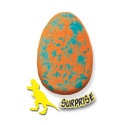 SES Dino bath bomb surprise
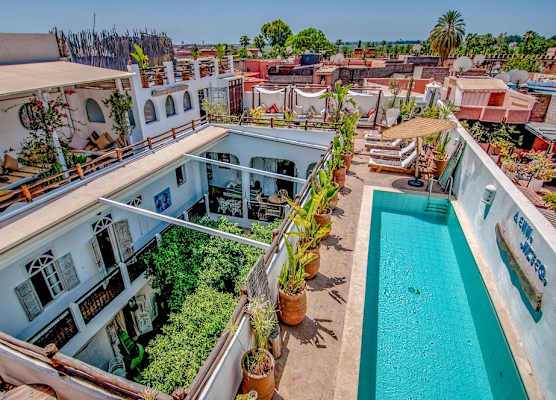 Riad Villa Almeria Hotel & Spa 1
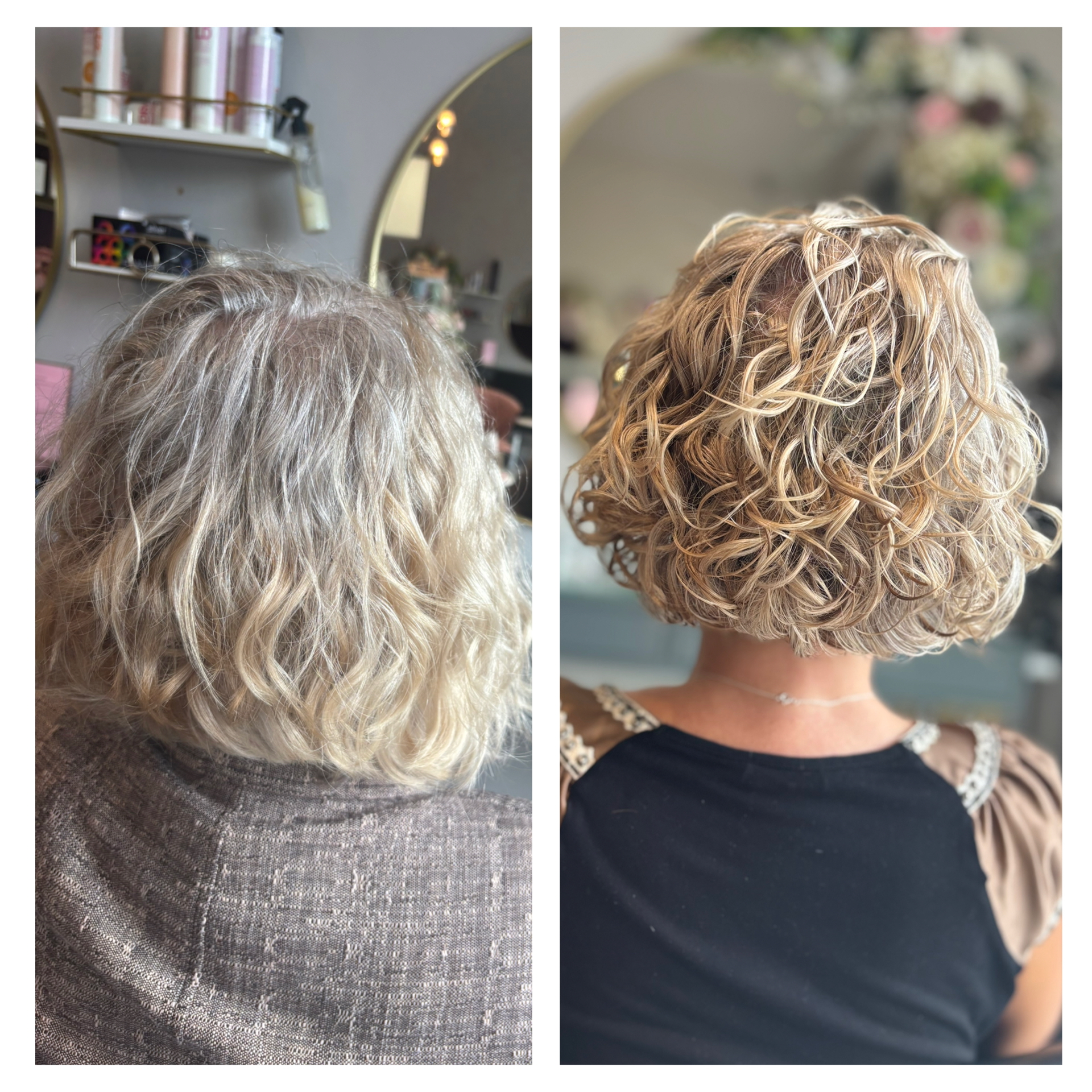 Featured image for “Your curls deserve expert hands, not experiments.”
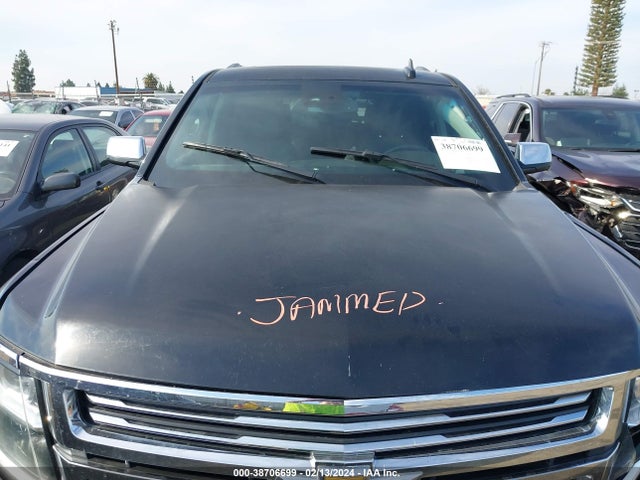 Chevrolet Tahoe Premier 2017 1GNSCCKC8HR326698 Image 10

# # # #

Would you write out all of the data exactly as it stands, without the pictures?

_Reply_
 SES Dino bath bomb surprise
 Riad Villa Almeria Hotel & Spa 1
 Featured image for “Your curls deserve expert hands, not experiments.”
 Chevrolet Tahoe Premier 2017 1GNSCCKC8HR326698 Image 10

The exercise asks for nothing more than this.